▸ **Goal of the exercise**
The copy should begin at the line containing "Pračka Bosch Maxx WFL 1601 - 3" and end with the last line below, every line exact and no picture included.
━━ Dataset section ━━
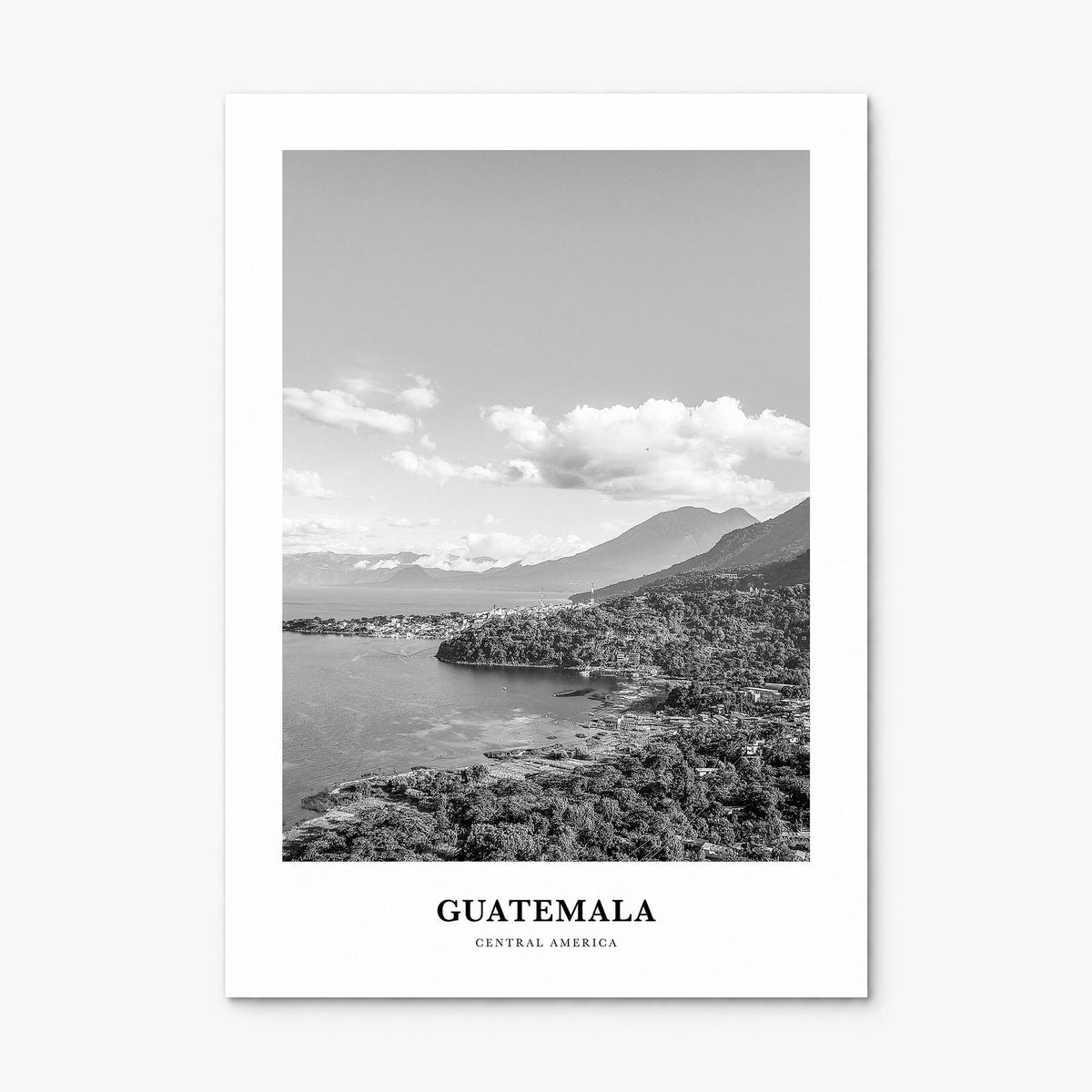 Guatemala Classic No 2 Poster, print only (unframed)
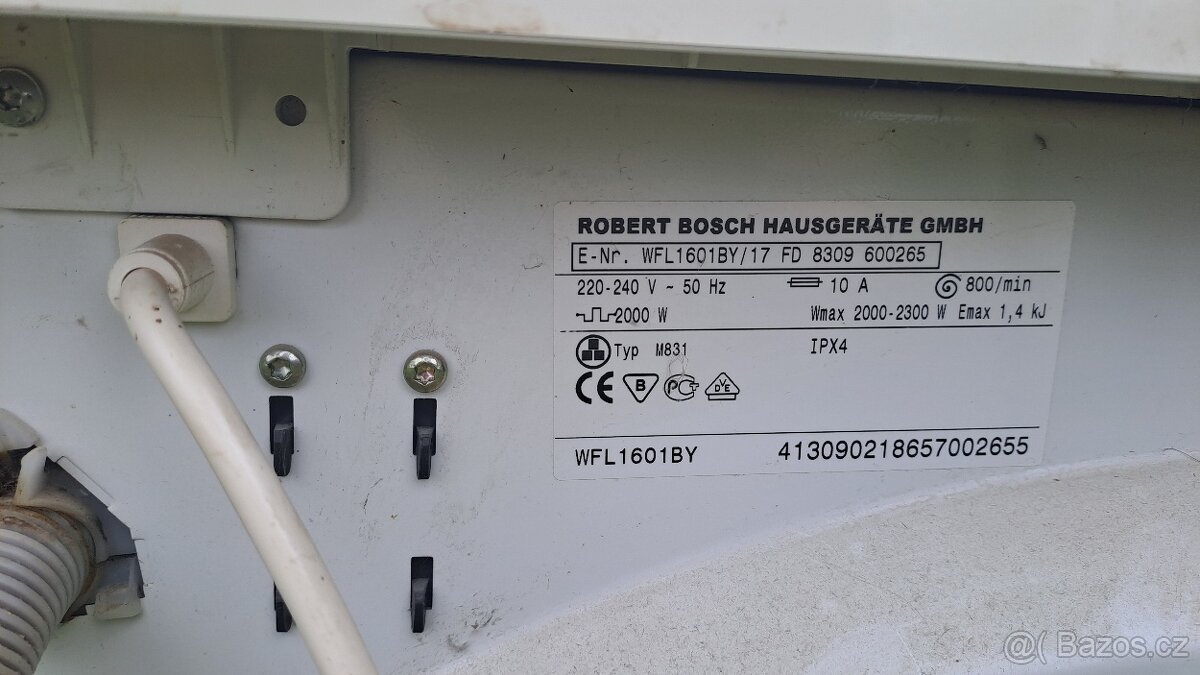 Pračka Bosch Maxx WFL 1601 - 3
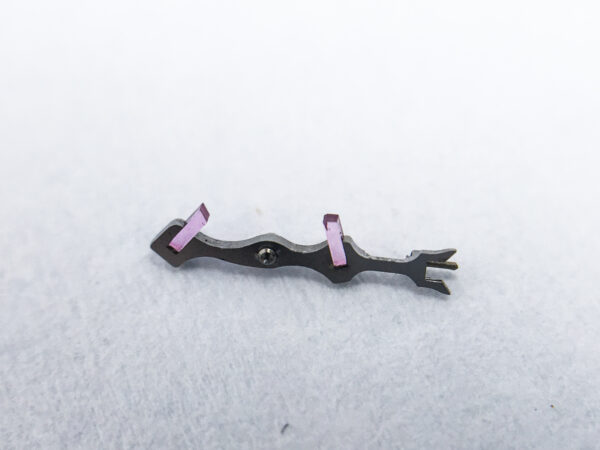 Omega caliber 302 jewelled pallet fork and staff part 1316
━━━
▸ **Solution to this task**
 Pračka Bosch Maxx WFL 1601 - 3
 Omega caliber 302 jewelled pallet fork and staff part 1316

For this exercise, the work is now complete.